イケメン御曹司のとろける愛情
「美しい音楽を奏でるために生まれてきたみたいな名前だ。キミにぴったりだね」
「ありがとうございます。母が音楽好きだったので……。でも、まだ名前負けしているような気がします」
「そんなことないよ。何度も言うけど、本当にすばらしい演奏だった。奏美さんの演奏、すごく好きだよ」

 水無川さんの言葉には熱がこもっていた。目の前には、彼のキレイな鳶色の瞳がある。

 そんなふうにまっすぐに見つめられたら、演奏が好きだと言われているだけなのに、なんだか頬が熱くなってしまう。

「あ、じゃ、そろそろ演奏しますね」

 私は顔が赤くなったのを見られないように、グラスを置いてピアノに近づいた。もう十一時近いというのに、あまり視力のよくない私の目にも、窓の外の都会の明かりが光の洪水のように見える。

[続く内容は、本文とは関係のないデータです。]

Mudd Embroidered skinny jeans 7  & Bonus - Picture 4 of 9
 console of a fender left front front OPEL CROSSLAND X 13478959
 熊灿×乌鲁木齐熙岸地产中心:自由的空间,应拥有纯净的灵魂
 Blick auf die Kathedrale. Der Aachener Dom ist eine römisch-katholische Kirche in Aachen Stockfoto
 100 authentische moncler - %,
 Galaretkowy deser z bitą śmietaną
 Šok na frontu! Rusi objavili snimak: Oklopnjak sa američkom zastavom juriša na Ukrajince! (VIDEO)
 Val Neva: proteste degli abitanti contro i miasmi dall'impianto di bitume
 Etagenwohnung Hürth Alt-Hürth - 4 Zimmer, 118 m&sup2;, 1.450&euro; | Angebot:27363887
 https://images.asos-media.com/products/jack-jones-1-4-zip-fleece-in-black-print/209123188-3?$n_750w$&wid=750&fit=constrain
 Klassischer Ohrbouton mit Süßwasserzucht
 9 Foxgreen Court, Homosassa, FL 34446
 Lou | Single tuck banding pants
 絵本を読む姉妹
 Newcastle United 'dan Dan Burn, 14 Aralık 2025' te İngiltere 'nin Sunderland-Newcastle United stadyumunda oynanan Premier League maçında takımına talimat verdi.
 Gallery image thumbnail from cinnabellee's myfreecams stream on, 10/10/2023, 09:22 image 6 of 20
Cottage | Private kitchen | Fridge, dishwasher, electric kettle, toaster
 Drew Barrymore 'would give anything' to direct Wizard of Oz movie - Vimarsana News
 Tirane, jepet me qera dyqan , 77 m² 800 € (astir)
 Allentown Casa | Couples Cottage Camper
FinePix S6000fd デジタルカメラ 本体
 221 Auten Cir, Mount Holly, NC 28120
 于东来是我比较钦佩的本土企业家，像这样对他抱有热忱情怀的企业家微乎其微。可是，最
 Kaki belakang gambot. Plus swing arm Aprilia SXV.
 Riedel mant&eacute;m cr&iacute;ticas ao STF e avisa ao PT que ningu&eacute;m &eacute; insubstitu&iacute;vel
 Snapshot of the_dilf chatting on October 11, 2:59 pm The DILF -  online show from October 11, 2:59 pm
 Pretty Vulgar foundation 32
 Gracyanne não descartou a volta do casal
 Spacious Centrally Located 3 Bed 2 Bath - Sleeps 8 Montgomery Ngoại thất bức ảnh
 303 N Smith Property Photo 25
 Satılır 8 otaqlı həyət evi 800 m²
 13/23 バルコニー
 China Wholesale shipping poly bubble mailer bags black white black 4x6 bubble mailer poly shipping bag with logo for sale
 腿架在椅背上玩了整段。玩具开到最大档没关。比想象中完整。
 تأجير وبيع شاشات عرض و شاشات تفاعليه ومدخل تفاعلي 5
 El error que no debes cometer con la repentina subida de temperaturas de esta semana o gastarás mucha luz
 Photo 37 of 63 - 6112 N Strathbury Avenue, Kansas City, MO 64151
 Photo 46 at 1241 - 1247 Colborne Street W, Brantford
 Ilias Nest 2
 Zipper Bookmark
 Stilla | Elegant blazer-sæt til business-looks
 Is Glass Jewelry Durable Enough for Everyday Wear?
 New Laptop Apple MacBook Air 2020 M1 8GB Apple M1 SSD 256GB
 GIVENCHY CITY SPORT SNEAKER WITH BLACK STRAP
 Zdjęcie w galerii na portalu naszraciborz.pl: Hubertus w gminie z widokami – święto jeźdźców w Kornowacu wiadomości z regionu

 椅子に座って鍵盤蓋を持ち上げた。大きく息を吸っておもむろに最初の音を鳴らす。

 水無川さんが好きだと言ってくれた『フライ・ハイ』。彼の夢、純国産小型旅客機が翼を広げ、大空を飛べますように。その思いを込めて、鍵盤の上を指を転がすようにしながら軽やかに、そして明るく奏でる。